**PROBLEM REQUIREMENTS**: Only the lines from the one containing "Malaga Loveseat Taupe Leather FredCo" through the last line of the material should be copied, exactly as written and without pictures.

:: DATASET EXCERPT

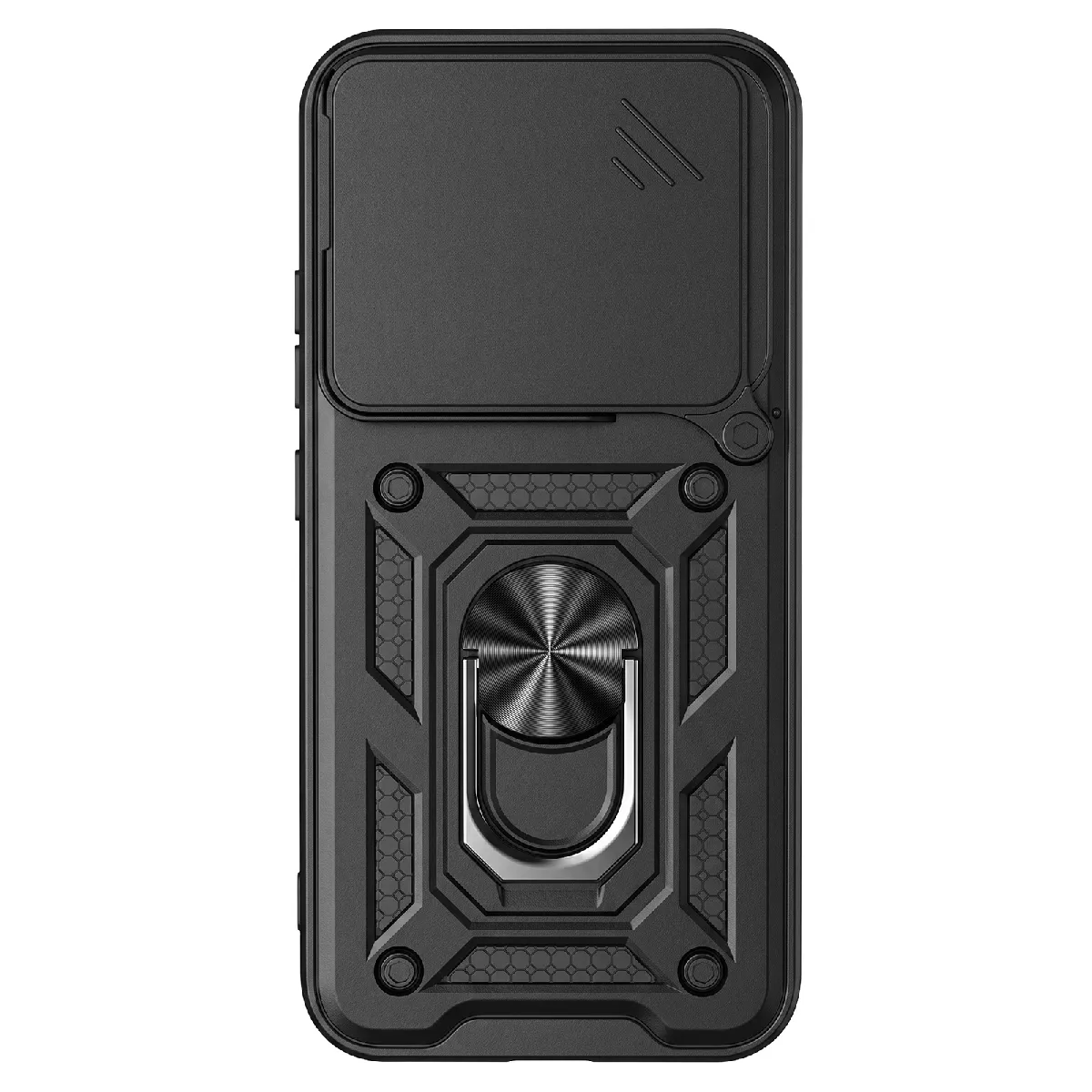Avizar Noir Coque Realme 16 Pro Plus Antichoc Bague Support Cache Caméra Coulissant - Image 2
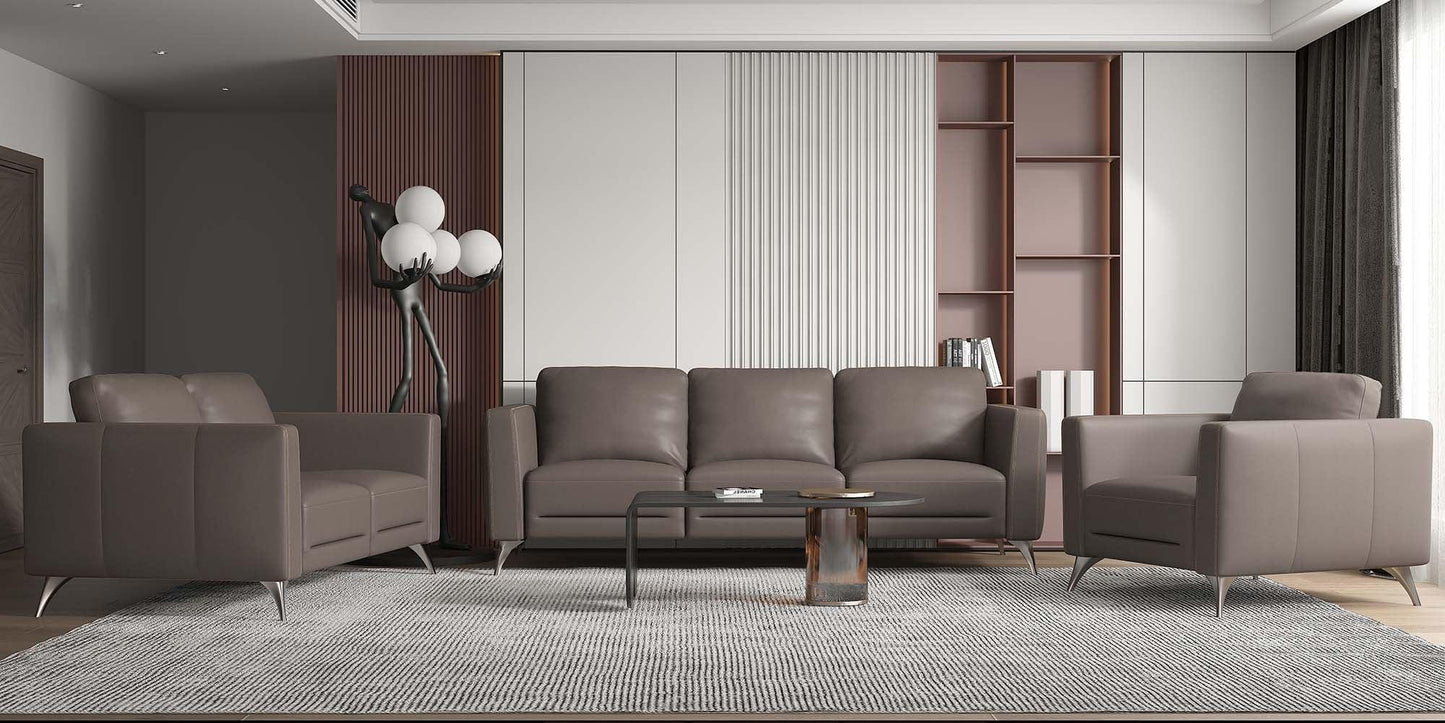 Malaga Loveseat Taupe Leather FredCo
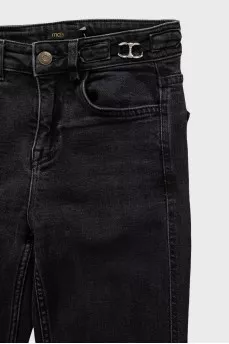 Black high-waisted flared jeans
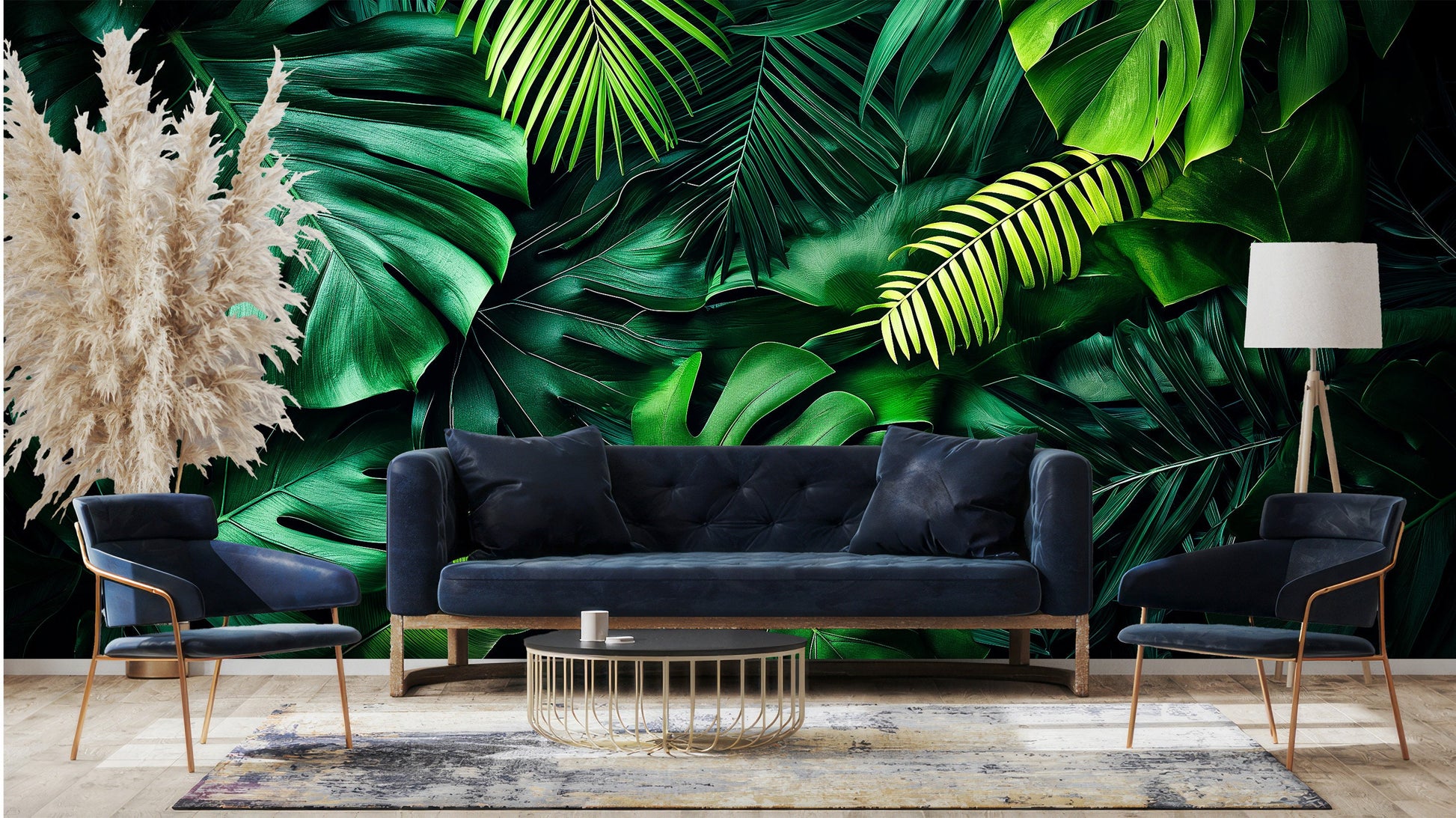 Dark Tropical Elegant Monstera Floral Wallpaper – alternate view, Golden Era Walls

::::

**EXERCISE OUTPUT**:
 Malaga Loveseat Taupe Leather FredCo
 Black high-waisted flared jeans
 Dark Tropical Elegant Monstera Floral Wallpaper – alternate view, Golden Era Walls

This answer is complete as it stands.